On average, a new technology that substantially alters civilization only appears every ten years or so. One was the Internet. The following is artificial intelligence (A.I.). A.I. has the power to transform industries like healthcare and finance and enhance lives, but it is only as good as the data it is trained on.
The vast expansion of text, images, videos, and audio that are accessible on the public web has accelerated the development of A.I. models by offering a never-ending source of data. For this reason, analysts expect the $137 billion sector that presently exists in AI to increase by more than 37% annually over the next ten years.
To democratize access to A.I. research, for instance, Meta recently released LLaMA, “a collection of foundation language models.” They use trillions of tokens to train their models, demonstrating that only publicly accessible datasets can be used to train cutting-edge algorithms, according to the Facebook parent company.
While praising the value of publicly accessible data for A.I., Meta is also bringing legal action to block access to publicly available online data that it concedes it does not own.
Big Tech will be prevented from using A.I. to its full potential if allowed to create a walled garden around data that is already in the public domain (i.e., data that isn’t protected by a login).
Looking ahead, it is anticipated that the amount of data and information produced, obtained, duplicated, and used globally would exceed 120 zettabytes this year, nearly tripling from what it was in only 2019.

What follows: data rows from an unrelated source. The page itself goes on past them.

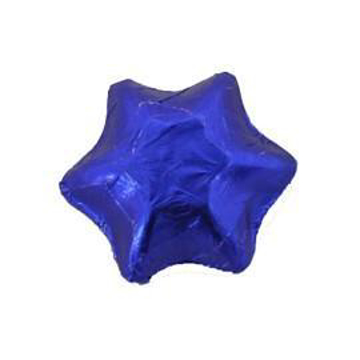 Dark Blue Foiled Stars in 500g Bag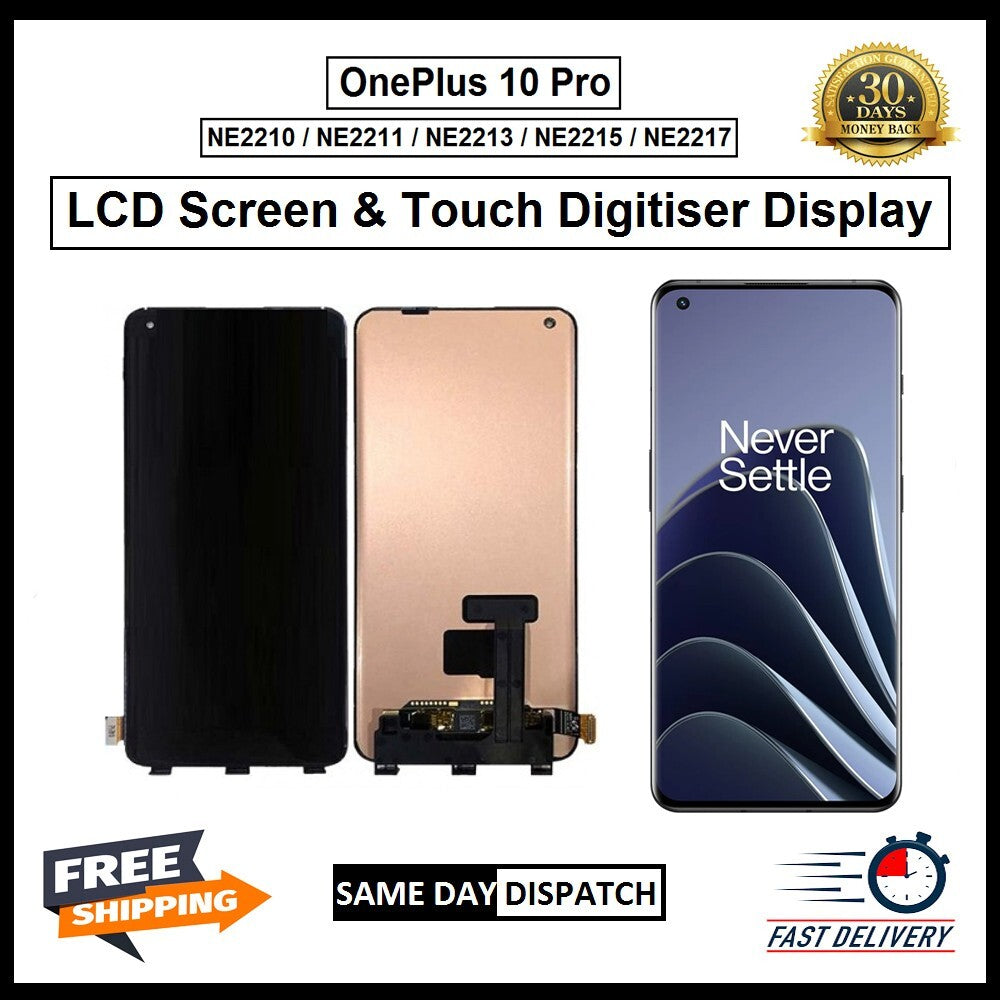 For OnePlus 10 PRO Display Screen Touch Digitizer Replacement LCD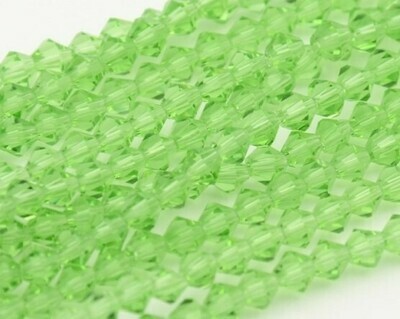Cristalli bicono 4 mm Verde chiaro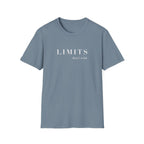 Limits Don’t Exist Tee — Minimal Motivational Graphic T-Shirt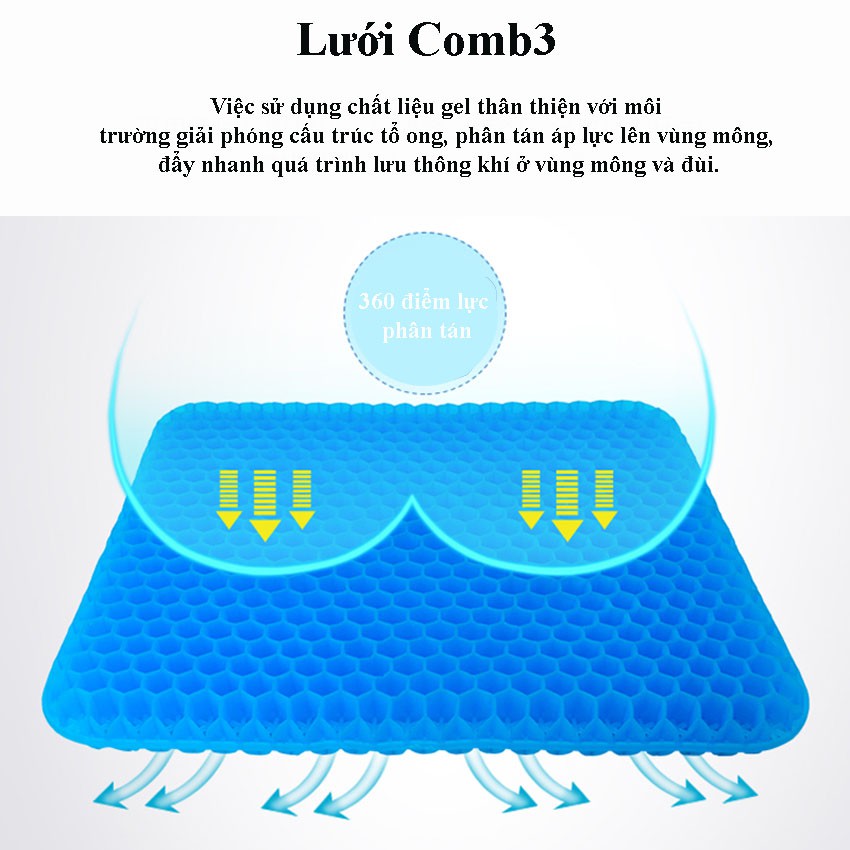 Đệm, Đệm Ngồi Gel Lưới Thoáng Khí, Lót Ghế Văn Phòng, Ô Tô - AUTO..BEN | BigBuy360 - bigbuy360.vn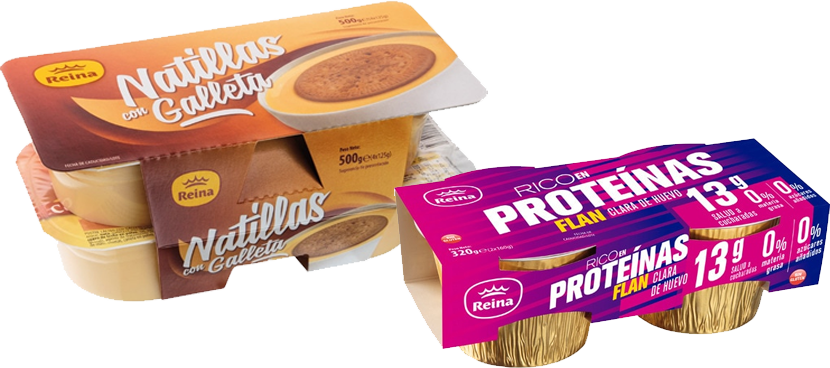 REINA Natillas y flan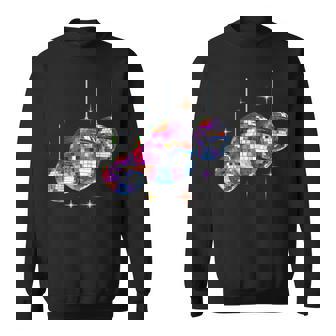 Süßer Ball Disco Lustige Tänzerin 70Er Jahre Tanzlehrer Sweatshirt - Seseable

The potential for artificial intelligence to grow in a way that benefits society would be severely constrained if publicly accessible online data were taken from the general people and held only by the most powerful enterprises. The advancement of cutting-edge A.I. would not be in the best interests of humanity if only a few corporations were working on it.
Not only is publicly accessible data crucial for the development of new artificial intelligence tools, but it is also vital for ongoing corporate operations. According to a poll of 150 IT, technology, and data analytics specialists from U.S. retail, technology, and nonprofit organizations, businesses and nonprofits alike depend on publicly available web data to efficiently and effectively carry out their goals, with 94% using it everyday. Nearly four out of five responders to this study claimed they couldn’t function properly without having access to info from the public web.
Generally speaking, developers must have access to the datasets they require in order to train A.I. in an ethical manner. Public web data can be used to train machine learning models, increase accuracy, and make sure A.I. is in line with humanity’s objectives because it provides a huge amount of diverse and up-to-date information.